Konuşmak için , özelikle dinlemeyi bilmek gerekir. Sadece kendisini dinlemeyi bilen, sadece
kendi fikirlerine değer veren , kendi sesine daha çok kulak veren diğer
kişilerin varlığına önem vermeyen ve hatta onları kendi kelimelerini yansıtmak için birer araç olarak kullanan
kişi sağlam bir ilişki kuramaz. İnsanlar arasındaki iletişimi sağlıklı bir
şekilde kuvvetlendirmenin başlangıcıdır dinlemek. Gerçek anlamda dinleyen
kişi karşısındakini anlıyor.
Peki bu kadar basit olduğu halde birbirimizi neden dinlemiyoruz? Evde anne babadan , baba anneden, çocuk ikisinden şikayetçi. İşyerinde,
okulda; öğretmen, işveren-
öğrenciden,çalışandan,
öğrenci-çalışan;
öğretmenden,işvereninden şikayetçi. Bu örnekler daha da çoğaltılabilir
tabi.
Dinlemiyoruz.
Acelemiz mi var? Sabrımız mı yok?
Her şeyi en iyi biz mi biliyoruz? Belki
de dinliyoruz ama anlamıyoruz. Kendi duygu ve düşüncelerimizden o kadar çok
kopamıyoruz ki karşı tarafı dinleyemiyoruz.

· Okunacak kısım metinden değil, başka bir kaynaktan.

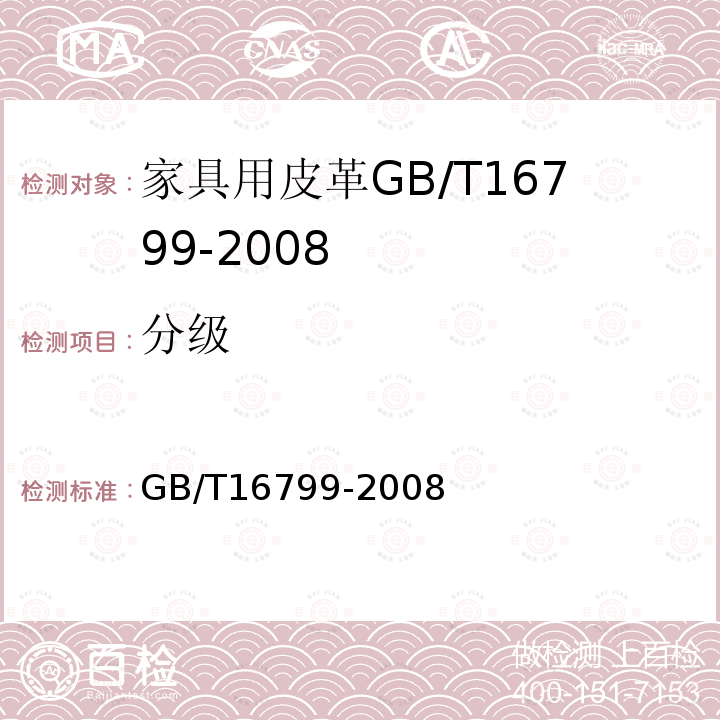 分级 GB/T 16799-2008 家具用皮革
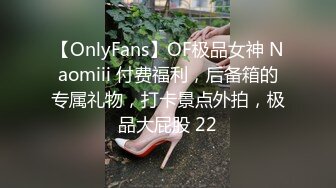 【OnlyFans】OF极品女神 Naomiii 付费福利，后备箱的专属礼物，打卡景点外拍，极品大屁股 22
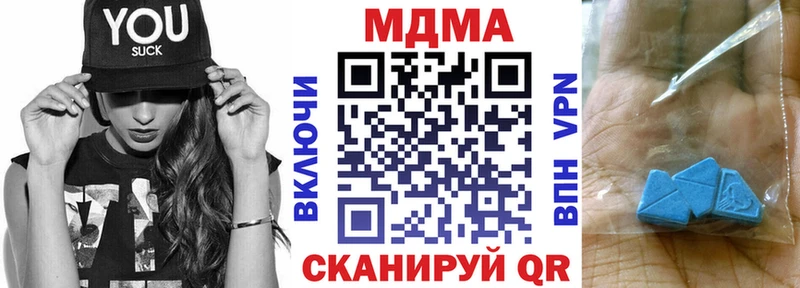 купить  цена  Мыски  KRAKEN сайт  MDMA crystal 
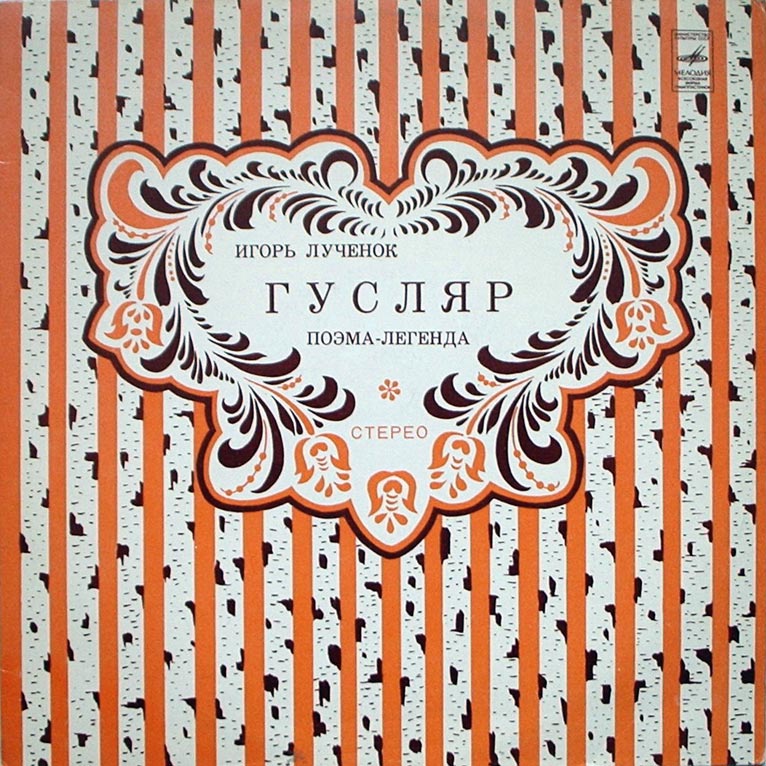 Игорь Лученок. Поэма-легенда "Гусляр". ВИА "Песняры"
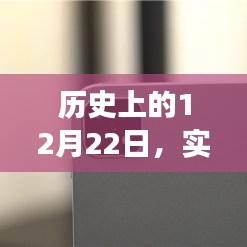 关于我们 第223页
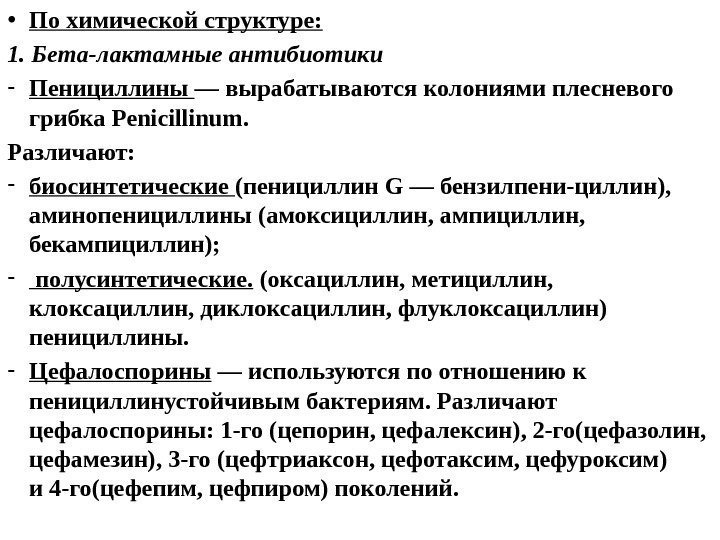  • По химической структуре: 1. Бета-лактамные антибиотики - Пенициллины — вырабатываются колониями плесневого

Karşımızdakiyle bir konu üzerine
konuşurken söyleyeceklerimiz bittikten sonra
kendimizin haklı olduğunu öne çıkarmak için içimizde kurgular kurup karşımızdakini dinlemeden bir sonraki hamleyi
planlıyoruz.
Dinlemeyi bilmiyoruz, insanları dinlemenin önemini anlamış
değiliz. Karşımızdakinin de demek istediğini bildiğimizi varsayıyoruz. Dinlerken söylediklerini kendi bildiklerimize benzetip kendi değer yargılarımıza göre
şekillendiriyoruz. Dinlemeyi öğrenmemiz
gerekiyor. Karşımızdakini dikkate aldığımızı göstermeyi sağlar bu. Birbirimizi dinlemez isek evlilikte, sevgide, aile, arkadaş
ilişkilerinde, okulda, iş yaşamında ilişkiler gelişme potansiyelini
kaybeder. İlişki gelişmeyince ilişki içindeki insanlarda
gelişmez. Unutmamamız gereken temel mesele ise şu ; bizden farklı düşünen birini dinlemek ve
anlamaya çalışmak onun söylediklerini kabul ediyor olduğumuz anlamına gelmez.